## Goal of the exercise
Quote the lines below from the one containing "132 LAKE DRIVE, Oviedo, FL 32765" to the final line, both ends included; exclude the pictures.

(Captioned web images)
▬▬▬

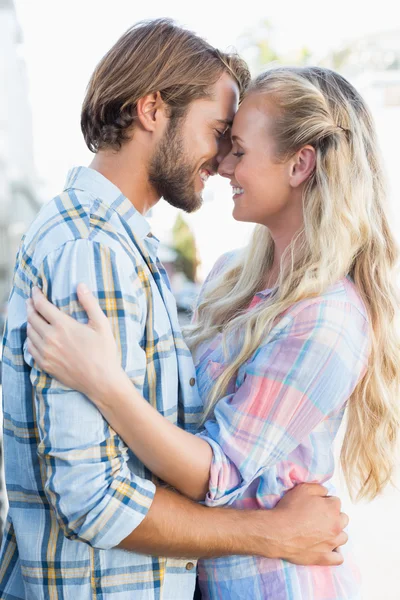 Aantrekkelijke paar staande en knuffelen — Stockfoto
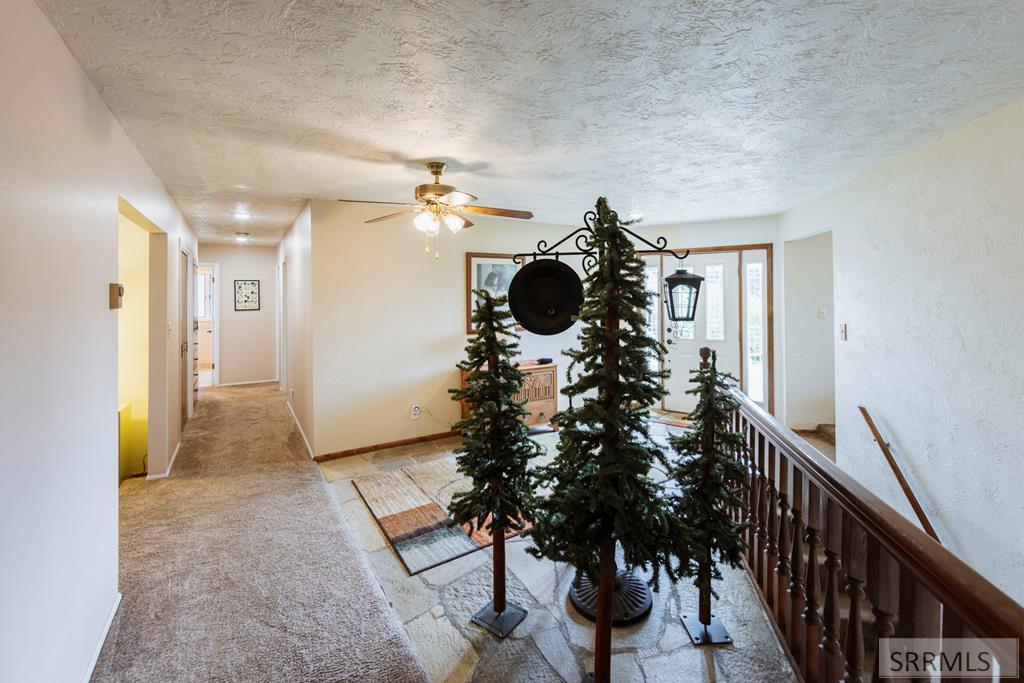 2255 E Greenbrier Drive Property Photo 9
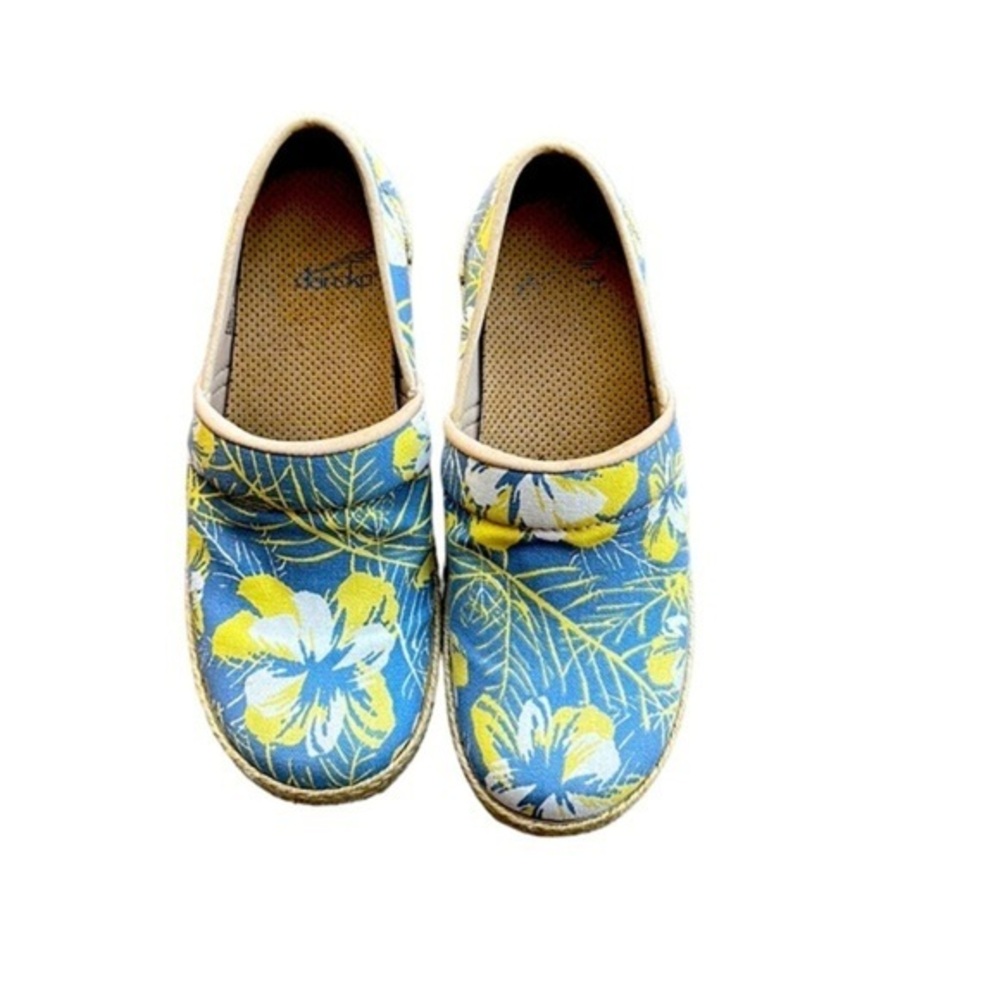 Dansko Victoria Tahiti Canvas Clogs 38 7.5-8 🌺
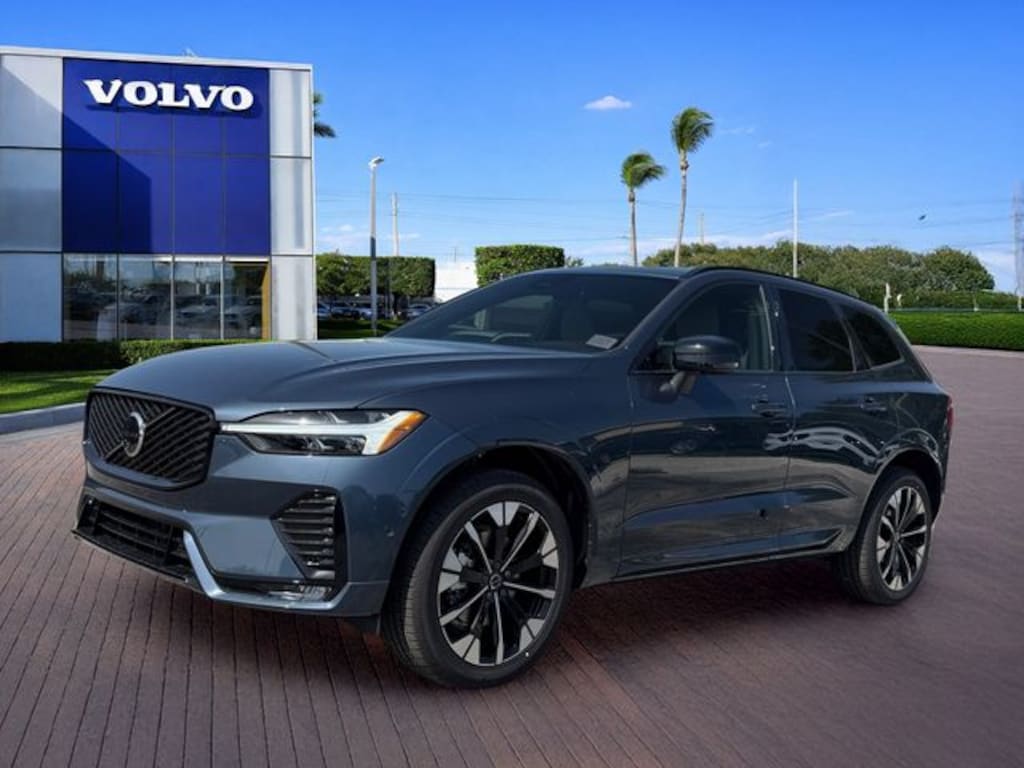 New 2026 Volvo XC60 B5 Plus SUV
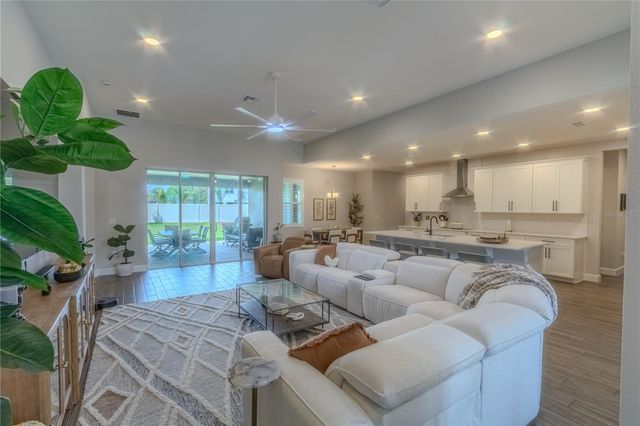 132 LAKE DRIVE, Oviedo, FL 32765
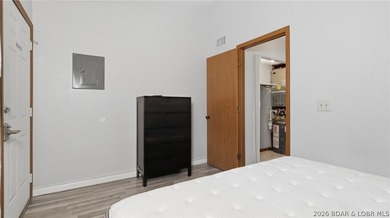Experience effortless lake living in this turnkey 1-bedroom - photo 4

▬▬▬

## Result of the exercise
 132 LAKE DRIVE, Oviedo, FL 32765
Experience effortless lake living in this turnkey 1-bedroom - photo 4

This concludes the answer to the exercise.